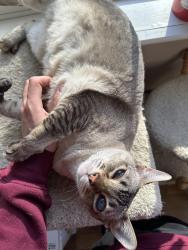 Lost Female Cat last seen Latoria Rd, near new elementary school, Langford, BC V9C 3T1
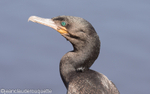 Neotropical cormorant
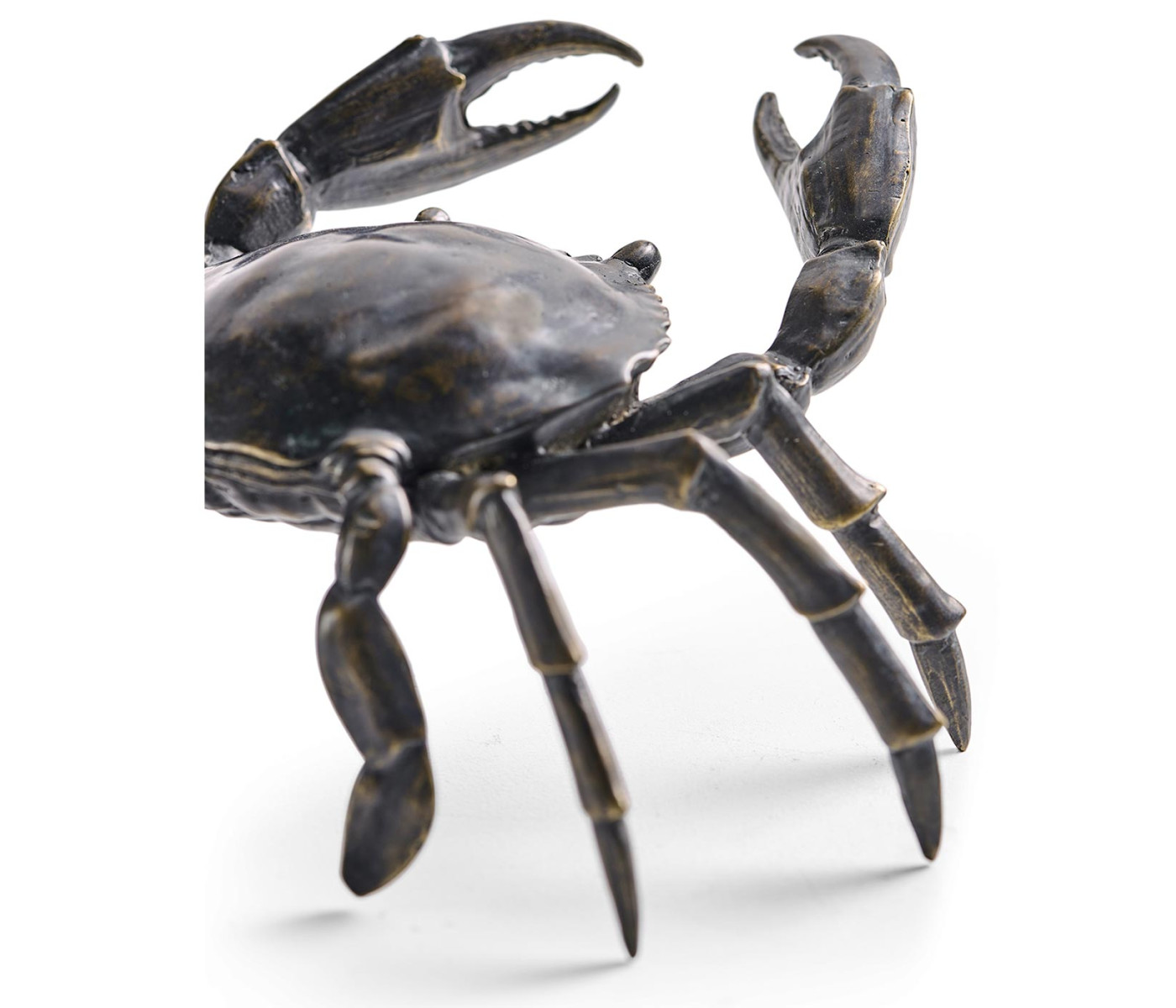 Dark Bronze Crab
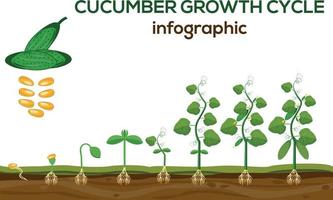 Cucumber plant growth cycle infographic elements in flat design. Planting process of cucumber from seeds sprout to ripe vegetable, plant life cycle isolated on white background, vector illustration.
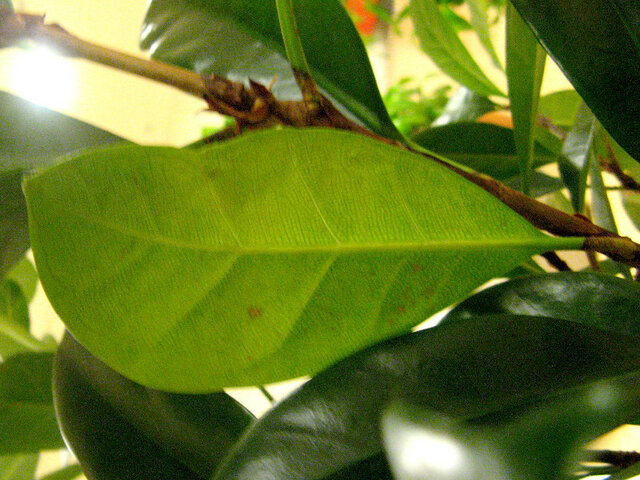 Ficus cyathistipula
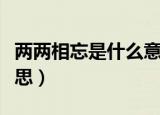 两两相忘是什么意思（怎么理解两两相忘的意思）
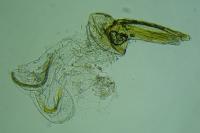 Megacraspedus lanceolellus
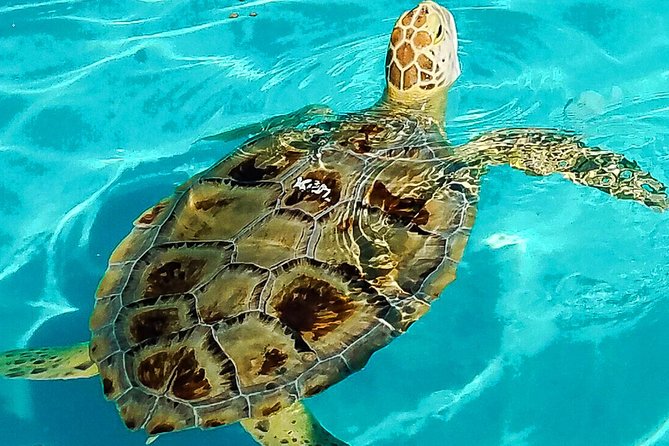 Turtle Hospital and Lower Florida Keys Day Trip from Key West - Key highlights that make this tour worth your time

---

Give back, word for word, the lines from the line that contains "Dark Bronze Crab" through the last line of the records, with no pictures and nothing else.

 Dark Bronze Crab
 Cucumber plant growth cycle infographic elements in flat design. Planting process of cucumber from seeds sprout to ripe vegetable, plant life cycle isolated on white background, vector illustration.
 Ficus cyathistipula
 两两相忘是什么意思（怎么理解两两相忘的意思）
 Megacraspedus lanceolellus
 Turtle Hospital and Lower Florida Keys Day Trip from Key West - Key highlights that make this tour worth your time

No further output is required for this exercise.